If the operation is such that you can calculate statistics for parts of the data then merge (eg a mean), then you can do that. This may help:


That’s not shared memory parallelism. You would want to use Threads.@threads, storing an intermediate sum for each thread then summing the intermediates.

Also the above 2 code snippets give different results. The first returns a vector and the second returns a number, so I don’t see how the comparison makes sense. See How to add arrays using multithreading? for doing the second example’s job with threading.


So I see that this is not actually shared memory parallelism. I was really just referring to working on a shared memory machine.
Regarding your second point, if f(x):\mathbb{R}\to \mathbb{R}^d, is there no way to get @parallel(+) to do the desired reduction?
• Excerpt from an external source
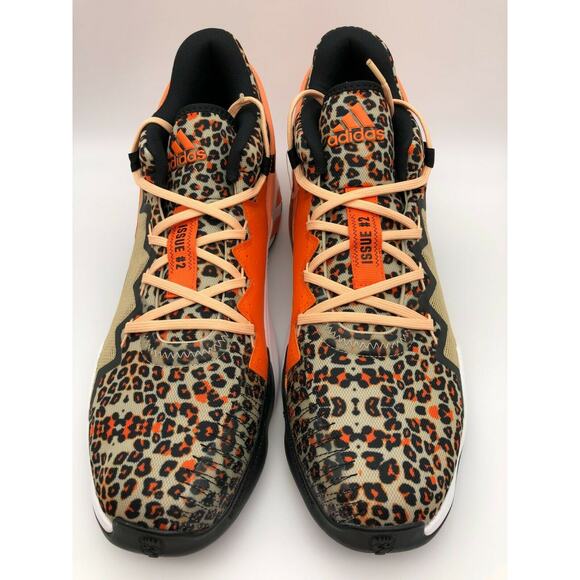Adidas D.O.N. Issue 2 Leopard Beige Donovan Mitchell Bounce FY0895 Men’s Size 15 - Picture 5 of 12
Oh I misunderstood. If f returns a vector, then it should just work as expected, and then both examples would be doing the same. Broadcasting helps with doing inplace operations to avoid allocations, but to do reduction, data has to be sent between processors anyways so when it is received I believe it gets allocated in the respective processor’s memory. So are you asking if you can avoid allocating an output vector while summing the individual results after they get received? Try defining an inplace function that wraps + and use that in the reduction instead. It can overwrite the first argument and then return it, so as to avoid allocation of the output. The arguments to the reduction are not used after reduction so I think it should be fine.


Yea, I was basically asking what was the “clever” way to do a parallel(+) reduction when the reduced variable was vector/array valued.